Thompson could see the man was serious, and that he could get away with it. There was not another person for miles in any direction. The scene is reminiscent of Anton Chigurr in Cormac McCarthy’s No Country for Old Men, when the psychopath flips a coin and asks a gas station attendant to call it. Heads he lives, tails he doesn’t. The psychopath doesn’t really care which way it falls, and the victim’s terror comes in part from seeing his killer’s indifference.
Thompson didn’t know whether or not the man would kill him, because the man himself didn’t seem to know. Of all the disturbing characters Thompson had come across in his rough years, this man was the most disturbing.
The deputy ultimately decided, without explanation, to drive Thompson back to town to pay his fine.

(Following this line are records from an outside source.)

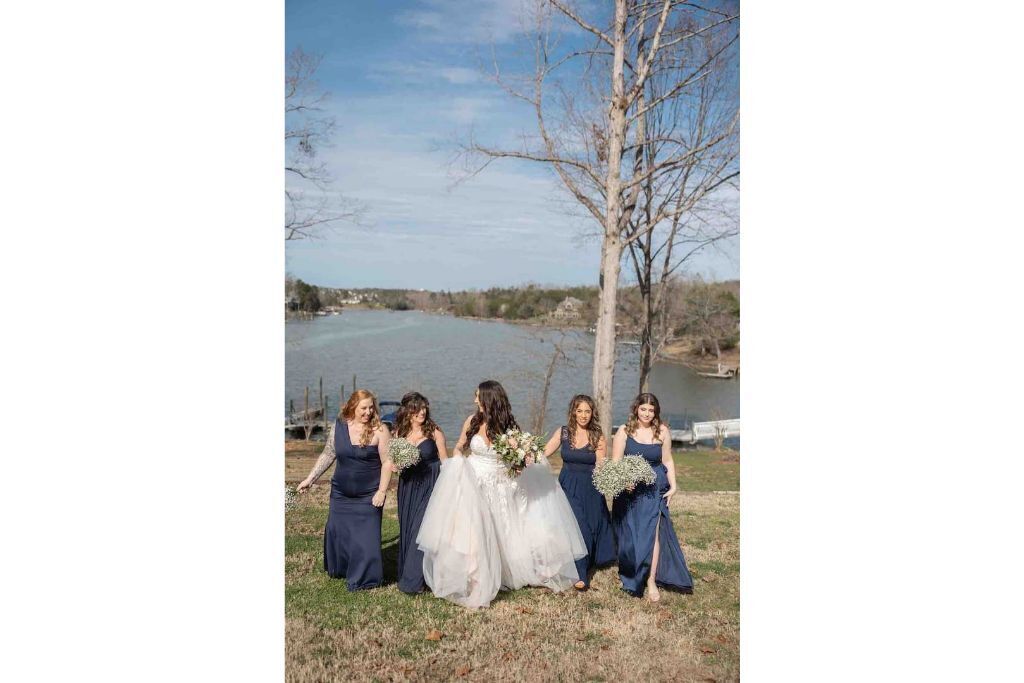 A group of women in formal attire standing by a body of water with a tree and a fence in the background.
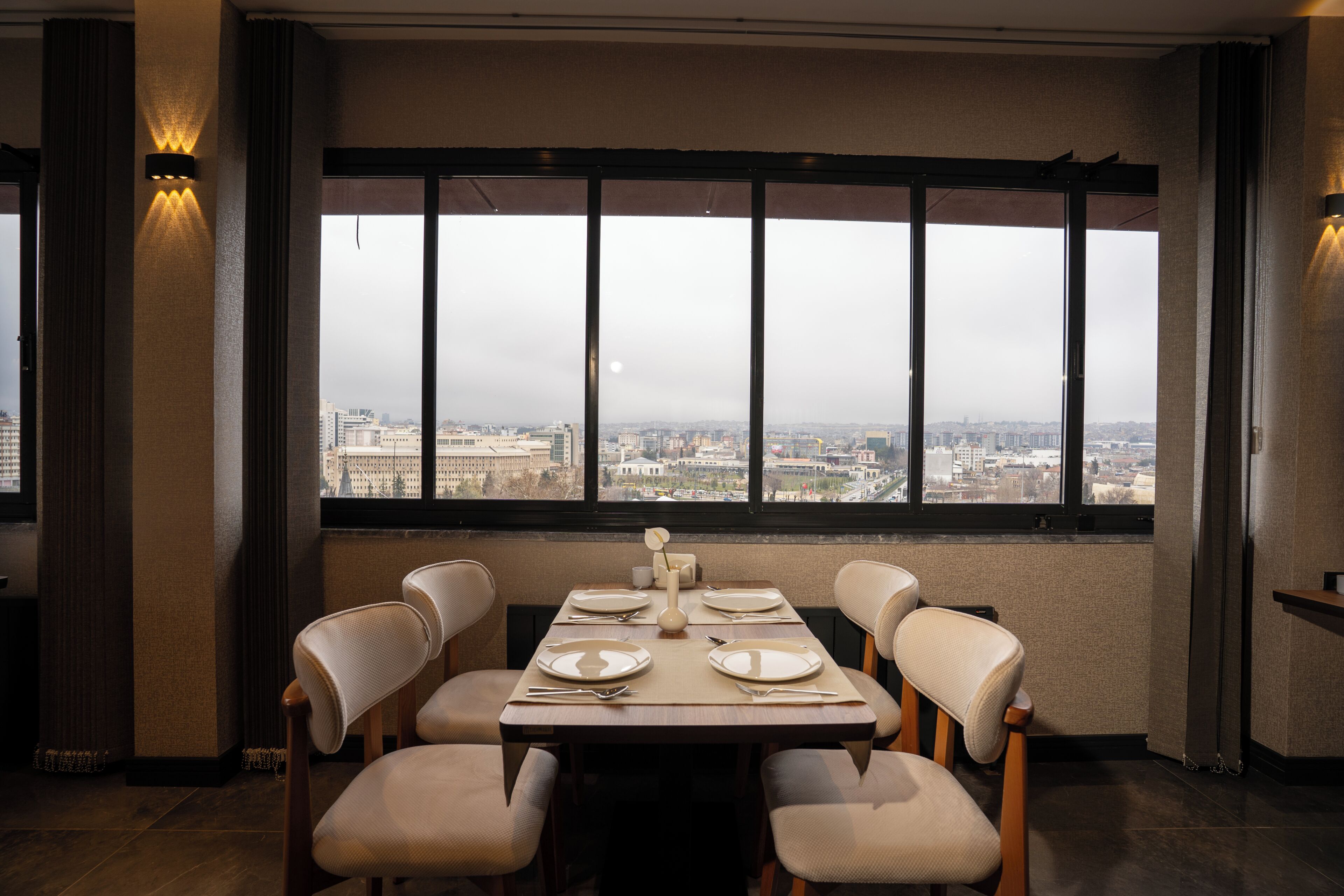 Un espace repas avec une table dressée pour six personnes, de grandes fenêtres offrant une vue sur la ville et un aménagement intérieur moderne.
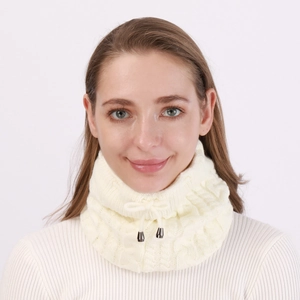 Detail of cream cable knit texture with adjustable drawstring and silver metal toggle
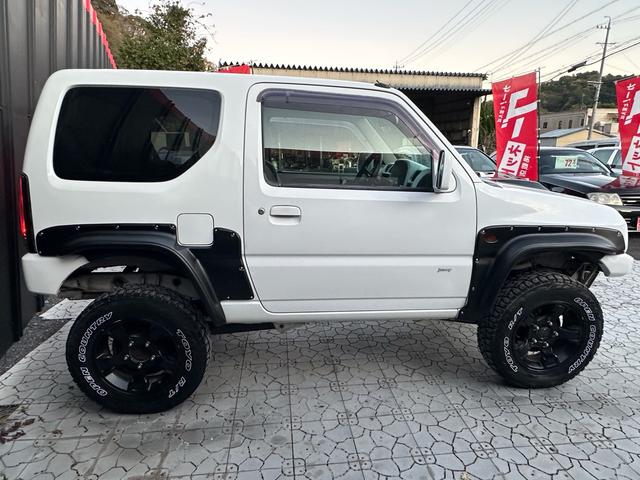 ジムニー Ｊ２　【１年間走行無制限保証】／ＴＡＮＩＧＵＣＨＩコンプリート車両（エアロ・マフラー・スキッドプレート・リフトアップ）／ブリスターフェンダー／ＬＥＤテール／１６インチ／ラギッドテレーン（ＴＯＹＯ）（24枚目）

Thompson said it took him nearly thirty years to figure out how to convey the chilling terror of this deranged mind to readers. He ultimately did it in The Killer Inside Me, and again in Pop. 1280, which is practically the same book.
Bad Boy ends with the author at age 23 falling victim to the kind of scam-gone-wrong his characters would fall prey to years later in his books. The young Thompson thinks he has all the angles covered in what should be a relatively simple rip-off of some local gangsters. But there’s one angle he doesn’t see, and it’s the one that gets him. Like many of his characters, he’s forced to flee for his life.
Before he flees though, he gets one piece of advice from the editor of a local literary journal. “You write too much from your head,” the man tells him. “Just write what you see.”
At some point, Thompson took that advice, and became one of the great American crime writers of the twentieth century. But he could never have done that if he hadn’t actually seen and lived the stories his books describe.